QED: Scalable Verification of Hardware Memory Consistency

Memory consistency model (MCM) issues in out-of-order-issue microprocessor-based shared-memory systems are notoriously non-intuitive and a source of hardware design bugs. Prior hardware verification work is limited to in-order-issue processors, to proving the correctness only of some test cases, or to bounded verification that does not scale in practice beyond 7 instructions across all threads. Because cache coherence (i.e., write serialization and atomicity) and pipeline front-end verification and testing are well-studied, we focus on the memory ordering in an out-of-order-issue processor's load-store queue and the coherence interface between the core and global coherence. We propose QED based on the key notion of observability that any hardware reordering matters only if a forbidden value is produced. We argue that one needs to consider (1) only directly-ordered instruction pairs -- transitively non-redundant pairs connected by an edge in the MCM-imposed partial order -- and not all in-flight instructions, and (2) only the ordering of external events from other cores (e.g.,invalidations) but not the events' originating cores, achieving verification scalability in both the numbers of in-flight memory instructions and of cores. Exhaustively considering all pairs of instruction types and all types of external events intervening between each pair, QED attempts to restore any reordered instructions to an MCM-complaint order without changing the execution values, where failure indicates an MCM violation. Each instruction pair's exploration results in a decision tree of simple, narrowly-defined predicates to be evaluated against the RTL. In our experiments, we automatically generate the decision trees for SC, TSO, and RISC-V WMO, and illustrate automatable verification by evaluating a substantial predicate against BOOMv3 implementation of RISC-V WMO, leaving full automation to future work.

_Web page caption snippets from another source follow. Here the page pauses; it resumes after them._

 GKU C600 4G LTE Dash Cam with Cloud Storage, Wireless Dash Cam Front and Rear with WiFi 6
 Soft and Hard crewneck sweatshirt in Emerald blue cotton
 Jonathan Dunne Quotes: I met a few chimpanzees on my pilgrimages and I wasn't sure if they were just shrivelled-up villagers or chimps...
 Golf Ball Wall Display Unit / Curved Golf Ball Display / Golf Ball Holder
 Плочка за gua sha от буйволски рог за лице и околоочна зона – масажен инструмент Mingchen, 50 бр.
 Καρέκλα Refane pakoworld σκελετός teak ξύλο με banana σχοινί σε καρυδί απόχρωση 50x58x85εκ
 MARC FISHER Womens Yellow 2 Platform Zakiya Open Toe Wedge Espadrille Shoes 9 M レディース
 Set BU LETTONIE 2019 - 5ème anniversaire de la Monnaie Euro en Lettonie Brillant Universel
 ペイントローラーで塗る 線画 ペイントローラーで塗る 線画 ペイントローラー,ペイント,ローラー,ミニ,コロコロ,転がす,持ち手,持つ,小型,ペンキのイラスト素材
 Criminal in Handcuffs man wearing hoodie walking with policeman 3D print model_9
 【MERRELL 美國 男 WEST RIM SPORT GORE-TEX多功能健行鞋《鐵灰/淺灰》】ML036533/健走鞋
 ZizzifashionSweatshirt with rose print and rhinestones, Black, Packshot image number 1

翻译：在基于乱序发射微处理器的共享内存系统中，内存一致性模型（MCM）问题因其高度反直觉的特性成为硬件设计缺陷的重要来源。现有硬件验证工作局限于顺序发射处理器、仅验证部分测试用例的正确性，或采用有界验证方法（实际应用中跨所有线程的指令数不超过7条）。鉴于缓存一致性（即写串行化与原子性）及流水线前端验证与测试已得到充分研究，本文聚焦于乱序发射处理器加载-存储队列中的内存排序问题，以及处理器核与全局一致性模块之间的接口。我们提出基于关键可观测性概念的QED方法——只有当硬件重排序产生了被禁止的值时，该重排序才具有实际影响。论证表明：（1）只需考虑MCM偏序约束下由边直接连接的指令对（即传递非冗余对），而非所有执行中指令；（2）仅需关注来自其他处理器核的外部事件（如失效操作）的排序，无需追踪事件发起核。由此实现执行中内存指令数量与处理器核数量的双重可扩展验证。通过穷举所有指令类型对及每对指令间可能介入的外部事件类型，QED尝试在不改变执行结果的前提下将被重排序的指令恢复至符合MCM规范的顺序，若恢复失败则表明存在MCM违规。每条指令对的探索生成由简单窄化谓词构成的决策树，该决策树可直接在RTL上求值。实验表明，我们已自动生成的SC、TSO及RISC-V WMO协议的决策树，并通过评估针对BOOMv3（RISC-V WMO实现）的实质性谓词验证了自动化验证能力，完整自动化方案留待未来研究。